Der Heilige Geist ist "der göttliche Lebensatem in uns", erklärt Steindl-Rast. "Geist" bilde im biblischen Sprachgebrauch den Gegensatz zum Begriff "Fleisch", der für alles stehe, "was unvermeidlich dem Tod verfallen ist". An den Heiligen Geist zu glauben heißt für Steidl-Rast, "auf unsere innerste Verbundenheit mit dem lebendigen Gott zu vertrauen und entsprechend zu leben. Nach den Worten des 86-jährigen Benediktiners gehe es in dem Glaubenssatz des Credo nicht um ein Fürwahrhalten, dass es eine "göttliche Person" namens "Heiliger Geist" gibt, sondern um Anteilnahme an der göttlichen Lebendigkeit.

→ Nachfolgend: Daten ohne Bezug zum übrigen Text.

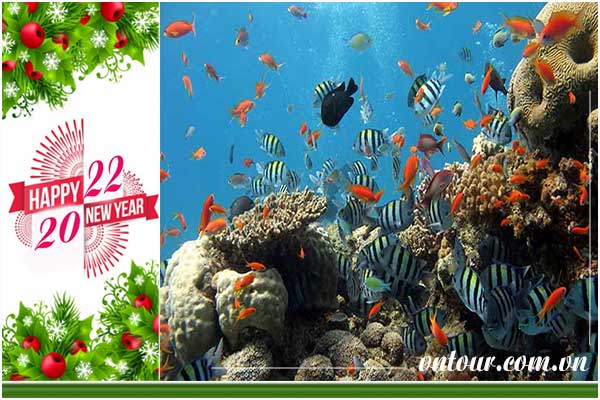 Tour du lịch Đà Nẵng - Cù Lao Chàm tết dương lịch 2023 (4N3Đ)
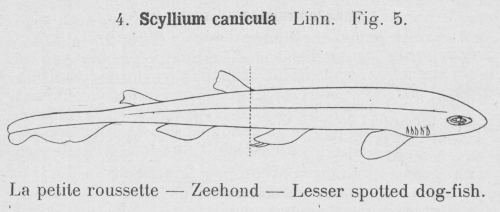 Gilson (1921, fig. 05) Gilson (1921, fig. 05)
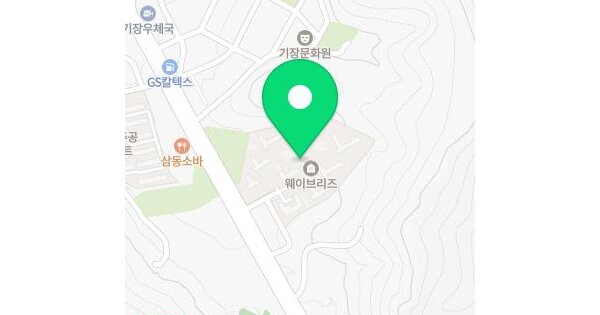 부산광역시 기장군 기장읍 청강리 868 웨이브리즈 203동 17층1706호 미지정 경매 물건 이미지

"So dem Leben zu vertrauen heißt: fest damit rechnen, dass jeder Tag uns genau das bringen wird, was wir brauchen - wenn es auch nicht immer das ist, was wir und wünschen", schreibt Steindl-Rast. Menschen, die so leben, vergleicht der Mystiker und vielfache Buchautor mit Schwimmenden in einem reißenden Strom: "Sie liefern sich der Strömung nicht willenlos aus, aber sie widerstehen ihr auch nicht ... nützen den Lauf des Wassers zielstrebig und geschickt so aus, dass sie sich an dem Abenteuer richtig freuen können." Energie an den inneren Widerstand oder aber an Wunschträume zu verschwenden ist so einem "Leben im Fluss" unangemessen und führt in Sackgassen, warnt Steindl-Rast.
Heiliger Geist verlangt nach Gemeinschaft
Im Heiligen Geist zu leben bedeute freilich auch in Gemeinschaft zu leben, betont Steindl-Rast. Da "der Geist weht, wo er will" (Joh 3,8) und weil gilt "Wo der Geist des Herrn wirkt, da ist Freiheit" (2 Kor 3,17), kann Gemeinschaft keine konfessionelle oder auch religiöse Exklusivität bedeuten, wie Steindl-Rast ausführt. "Als wahrhaft katholisch darf nur jener Glaube gelten, der 'allzeit und überall allen' Menschen gemeinsam war, ist und sein wird", zitiert der Ordensmann den Kirchenvater Vinzenz von Lérins aus dem 5. Jahrhundert. Gläubige Nicht-Christen dürften nicht ausgeschlossen werden, "in engeres Verständnis von Katholizität lässt sich heute nicht mehr vertreten".
Nicht nur interreligiöse Weite ist Steindl-Rast ein Anliegen, sondern auch Fairness gegenüber der "Institution Kirche": Viele deren Mitglieder würden auch zur weiter angelegten "Kirche als Gemeinschaft im Heiligen Geist" gehören. Trotz ihrer Fehler und Verbrechen habe die Institution Kirche zu allen Zeiten durch heiligmäßige Menschen, die zu ihr gehörten, "tatkräftige Liebe in der Welt repräsentiert" und tut dies immer neu.